# Another metronome thread!



## piggins411 (Jul 24, 2011)

So I understand how to practice with a metronome and use one to learn a difficult passage, but when I want to learn a song with a weird time signature, say a section of a BTBAM song, how do I do it? I don't think I can set my metronome to 7/8 or 5/8 or anything like that. I only just recently got to the point where I think I have a decent understanding of time signatures, so help is much appreciated.


----------



## SirMyghin (Jul 24, 2011)

When working with compound time, you will likely need a programmable metronome/drum machine, or using something like Guitarpro you can create your own compound metronome using a tempo, as well as some drum beats/clicks where you need them. Just make a bar of 7/8 then 5/8 and accent the beats in their groupings (2s and 3s) and go from there.


----------



## Solodini (Jul 24, 2011)

That or set an unaccented metronome to a tempo fast enough to represent quavers/semiquavers and play along to that, counting the beats yourself. As long as the tempo is static, that'll work fine.


----------



## piggins411 (Jul 24, 2011)

Do you know if Tuxguitar has a programmable metronome like Guitarpro does? Also, noob question: I've seen that word quavers around here; what does that mean?


----------



## Infamous Impact (Jul 24, 2011)

piggins411 said:


> Do you know if Tuxguitar has a programmable metronome like Guitarpro does? Also, noob question: I've seen that word quavers around here; what does that mean?
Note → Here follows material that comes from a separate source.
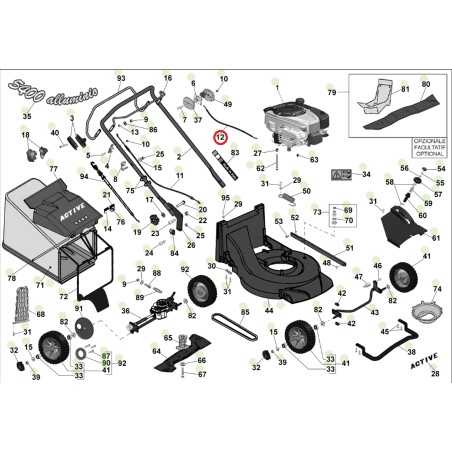 ORIGINAL ACTIVE lawnmower mower 5300 - 5400 sb - 5800 gas cable 050712 | NewgardenParts.com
A quaver is an eighth note. Just write up a drum beat in TuxGuitar to match the time signature.


----------



## steve1 (Jul 24, 2011)

edit: ninjaaaaaaaaaaaaaaaaaaaaaaaaaaaaaaaaaaa


----------



## piggins411 (Jul 24, 2011)

Ah, thank you kind people


----------



## SirMyghin (Jul 24, 2011)

Infamous Impact said:


> A quaver is an eighth note. Just write up a drum beat in TuxGuitar to match the time signature.



It is just British people talking funny, accept it and move on  ( and yes, an eighth note)


----------



## Skanky (Jul 25, 2011)

Infamous Impact said:


> A quaver is an eighth note. Just write up a drum beat in TuxGuitar to match the time signature.




This.

TuxGuitar does have a metronome, but it's pretty much basic.

Drum beat is the way to go.


----------